And so all kinds of funky things that are things that people consider. Oh, how can I connect those two strings together? People actually do that in real applications. We're not going to do that here. We're just gonna say, there's too much complexity in dealing with this, we're going to go for a much simpler approach and just say we're going to have an ArrayList of all of our songs and not worry about the unique identifier issue. So here we have an ArrayList of type song, and we'll just call this songs, that's all the songs in our database. And so here we create a new ArrayList of song and we call it constructor. Okay. Now, life in the album world's a little bit different. Besides just keeping track of a list of songs, we also need to keep track of albums. But in the album world the name is actually a unique identifier. And if we want to be able to look up albums quickly, it might make sense to use a HashMap. So part of doing this whole example is to actually show you both ArrayList and HashMap in one application.

So what we could do is have a HashMap that maps from stings to albums where the map, this string, is in some sense the name of the album and this is the actual album object. And we'll call this albums and we can do all the new, you know, la de da HashMap we actually created. Okay. So now we have these two big data structures that actually keep track of stuff for us.

Now, here's where things get a little bit funky. And when things get funky, what you're going to need when you deal with big data structures, you need a guide. And you'll see this in just a second because you're going to see some of the code that we write gets very long when we deal with big data structures. So I'll be your guide. All right. So in the days of yore, I almost bought the whole outfit. But it's a little hot in here, under the lights. So in order to actually think about how you get the information and store the information when you have a large data structure, paper and pencil is your friend. Right If you spend all your time just staring at a computer screen it doesn't really allow you to internalize what is your data structure really look like and what's going on. So break out some pencil and paper, not right now but when you're working on data structures, and draw out, potentially, what things look like.

So here's songs and songs, and songs is an ArrayList. And it's going to have multiple, let's say at this point, three songs in it. And over here we have albums and albums is a HashMap, albums, that maps from names of an album to a particular album object. Now, the important thing to keep in mind in objects, and this is kind of the whole key to big data structure, is all objects, when you refer to them in Java, are references to objects. Remember when we talked about that. When you pass an object to a particular method in some application, you're passing a reference to the object. You're passing where that object lives. Okay.

Which means that when you have an ArrayList of songs, which what you really have here are a bunch of references, which we can think of as pointers that refer to the actual objects that contain the songs. Okay. So over here there's a "In Your Eyes," by Peter Gabriel and it was 99 cents.

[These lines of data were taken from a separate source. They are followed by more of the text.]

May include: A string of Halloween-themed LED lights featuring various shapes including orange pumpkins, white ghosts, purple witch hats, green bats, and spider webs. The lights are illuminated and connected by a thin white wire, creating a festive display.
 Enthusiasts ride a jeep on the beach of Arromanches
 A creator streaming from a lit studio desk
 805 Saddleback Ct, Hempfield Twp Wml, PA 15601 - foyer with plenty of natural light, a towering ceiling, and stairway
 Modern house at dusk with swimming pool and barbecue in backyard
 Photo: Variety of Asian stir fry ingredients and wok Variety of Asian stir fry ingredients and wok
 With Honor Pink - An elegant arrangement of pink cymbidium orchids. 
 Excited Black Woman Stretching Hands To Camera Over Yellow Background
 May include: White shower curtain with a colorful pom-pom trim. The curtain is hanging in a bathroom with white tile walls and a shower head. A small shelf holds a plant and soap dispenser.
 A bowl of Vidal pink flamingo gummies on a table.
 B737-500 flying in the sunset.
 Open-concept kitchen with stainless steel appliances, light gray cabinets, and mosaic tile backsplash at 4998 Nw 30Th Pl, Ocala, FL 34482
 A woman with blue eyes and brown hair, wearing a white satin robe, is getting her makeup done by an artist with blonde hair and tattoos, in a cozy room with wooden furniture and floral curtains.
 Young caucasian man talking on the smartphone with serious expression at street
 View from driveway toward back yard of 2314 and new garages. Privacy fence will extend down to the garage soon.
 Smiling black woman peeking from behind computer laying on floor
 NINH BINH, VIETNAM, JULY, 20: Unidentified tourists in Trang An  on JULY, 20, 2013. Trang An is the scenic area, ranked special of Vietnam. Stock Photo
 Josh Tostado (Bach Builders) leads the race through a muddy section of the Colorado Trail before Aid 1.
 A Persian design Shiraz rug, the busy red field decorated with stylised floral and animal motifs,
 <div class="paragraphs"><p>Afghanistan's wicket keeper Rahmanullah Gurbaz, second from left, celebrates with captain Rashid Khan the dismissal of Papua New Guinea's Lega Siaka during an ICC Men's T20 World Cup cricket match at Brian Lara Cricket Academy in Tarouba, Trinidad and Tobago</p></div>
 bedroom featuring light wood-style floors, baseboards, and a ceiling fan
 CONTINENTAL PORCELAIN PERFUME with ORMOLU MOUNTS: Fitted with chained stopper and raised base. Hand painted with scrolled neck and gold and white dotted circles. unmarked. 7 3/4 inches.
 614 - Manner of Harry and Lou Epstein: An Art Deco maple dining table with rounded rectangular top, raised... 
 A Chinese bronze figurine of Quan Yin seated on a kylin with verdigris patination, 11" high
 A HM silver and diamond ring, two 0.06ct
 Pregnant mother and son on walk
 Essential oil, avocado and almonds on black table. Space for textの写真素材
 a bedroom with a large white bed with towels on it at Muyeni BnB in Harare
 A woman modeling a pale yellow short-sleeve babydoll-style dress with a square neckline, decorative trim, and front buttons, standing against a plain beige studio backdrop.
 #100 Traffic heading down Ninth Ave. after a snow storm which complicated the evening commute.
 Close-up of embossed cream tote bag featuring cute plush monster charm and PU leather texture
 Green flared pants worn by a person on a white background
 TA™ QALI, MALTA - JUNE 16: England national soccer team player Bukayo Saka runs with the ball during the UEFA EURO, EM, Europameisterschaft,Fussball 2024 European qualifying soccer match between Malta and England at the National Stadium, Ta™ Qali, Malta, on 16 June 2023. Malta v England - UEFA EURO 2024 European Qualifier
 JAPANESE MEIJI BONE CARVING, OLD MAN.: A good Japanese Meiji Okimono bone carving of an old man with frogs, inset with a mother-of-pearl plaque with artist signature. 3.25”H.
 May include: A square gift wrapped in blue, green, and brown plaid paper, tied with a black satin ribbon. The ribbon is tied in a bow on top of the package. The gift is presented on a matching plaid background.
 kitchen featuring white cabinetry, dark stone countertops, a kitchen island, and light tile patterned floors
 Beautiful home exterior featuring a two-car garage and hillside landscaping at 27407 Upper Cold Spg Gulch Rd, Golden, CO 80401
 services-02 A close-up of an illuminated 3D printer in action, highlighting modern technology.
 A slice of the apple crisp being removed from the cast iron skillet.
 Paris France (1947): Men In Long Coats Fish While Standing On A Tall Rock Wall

And over here we might have say, "Ramble On," tell me there's some Zeppelin fans out there. All right, good, good. We will not have to end lecture early. And "Ramble On" is such a great song, it's like $12.99 by itself, single son. That's probably why most people don't listen to it. And over here we have the master, "Stairway to Heaven," Stairway to H, we'll just abbreviate it. Because it's that good, we'll just have a moment of silence, also, by Led Zeppelin, and we'll just say that one should be like, 49 cents so everyone can listen to it. It's just kind of like the bonus tune. All right. And so that's what we have in a list of songs. Now, here's the interesting part, right. If I'm going to have some albums, so I add some albums. So let's say add some album on here like "Soul," by Peter Gabriel, and Soul actually has the song, "In Your Eyes" on it. Okay.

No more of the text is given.